Prepaid SIM card owners only have three days left for reconciliation
The deadline for reconciling data for prepaid SIM cards purchased prior to 2017 expires on Friday, 30 June, so subscribers have only a few days left to contact their mobile service providers or any of the hundreds of the post offices of Magyar Posta online, by phone or in person. Pursuant to the decision of the Hungarian Parliament, anyone who fails to reconcile their data by the end of the month will have their subscription cancelled.
The information available to the NMHH shows that subscribers had so far around 60 per cent of SIM cards verified with the operators in charge of reconciliation, i.e. Telekom, Telenor and Vodafone.
Consequently, on 1 July, operators will have to deactivate prepaid cards for which data is not reconciled. However, notwithstanding all is not lost even after the expiry of the deadline as, in the NMHH’s view, there is no legal impediment for terminated contracts to be concluded again and thereby for phone numbers and balances to be recovered. Both Telekom and Telenor have already announced that they will make this possible; further details will be provided by the operators.

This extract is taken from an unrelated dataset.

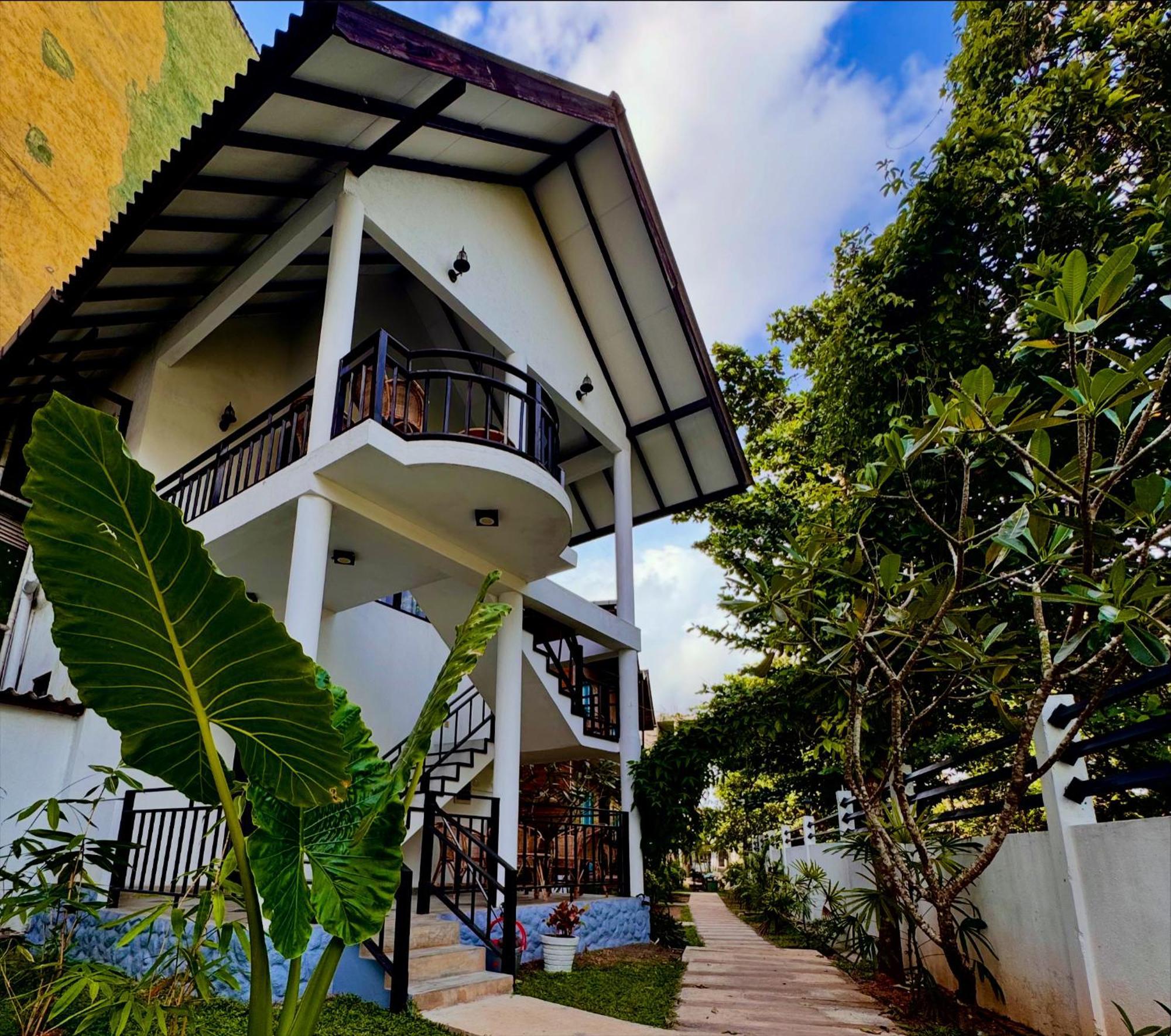 Neo Bay Hotel Weligama Exterior photo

When assessing the situation, it must be acknowledged that there may be a lot of people who deliberately choose not to reconcile the data of their obsolete SIM cards that have been inactive for a long time as they do no longer want to use such cards, as is assumed.

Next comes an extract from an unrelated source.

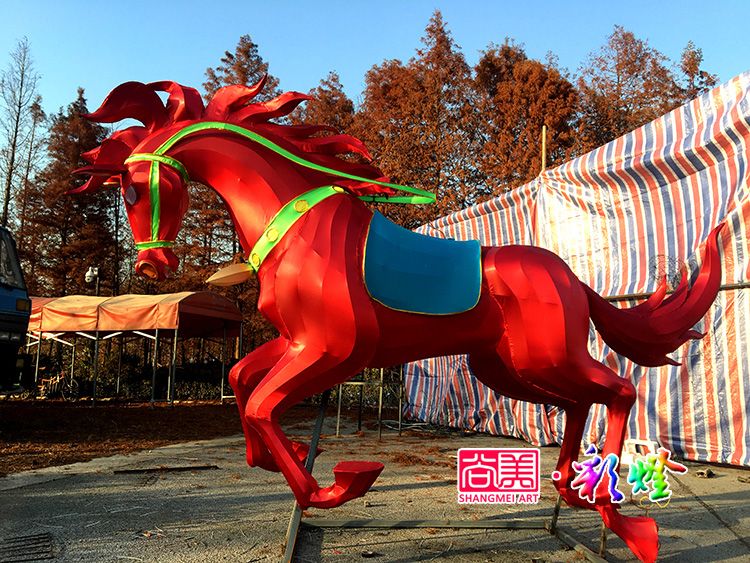 Why are Chinese lanterns considered the best in the world？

From the date of entry into force of the relevant Act, the NMHH has been continuously monitoring data reconciliation practices of operators and supporting them with legal interpretation. After the expiry of the deadline, the NMHH will verify whether operators have performed data reconciliation as required.
International outlook
Data reconciliation has been introduced in other EU Member States as well. To the NMHH’s knowledge, legislative amendments were proposed, for example, in Belgium and the Netherlands (where it had been previously legal to use anonymous SIM cards) at the end of last year in order to require the compulsory recording of personal details for prepaid subscriptions. This amendment was passed in Belgium; however, in the Netherlands, it was not. In Belgium, the subscribers concerned (owners of 3.4 million prepaid SIM cards) had six months to provide proof of their identity, the deadline for which passed on 7 June 2017. Operators there blocked nearly 12 percent of the cards concerned, i.e. 400,000 SIM cards in total, at the end, but subscribers also have the option to get back their phone numbers and balances if they fulfil their obligation to provide proof of identity.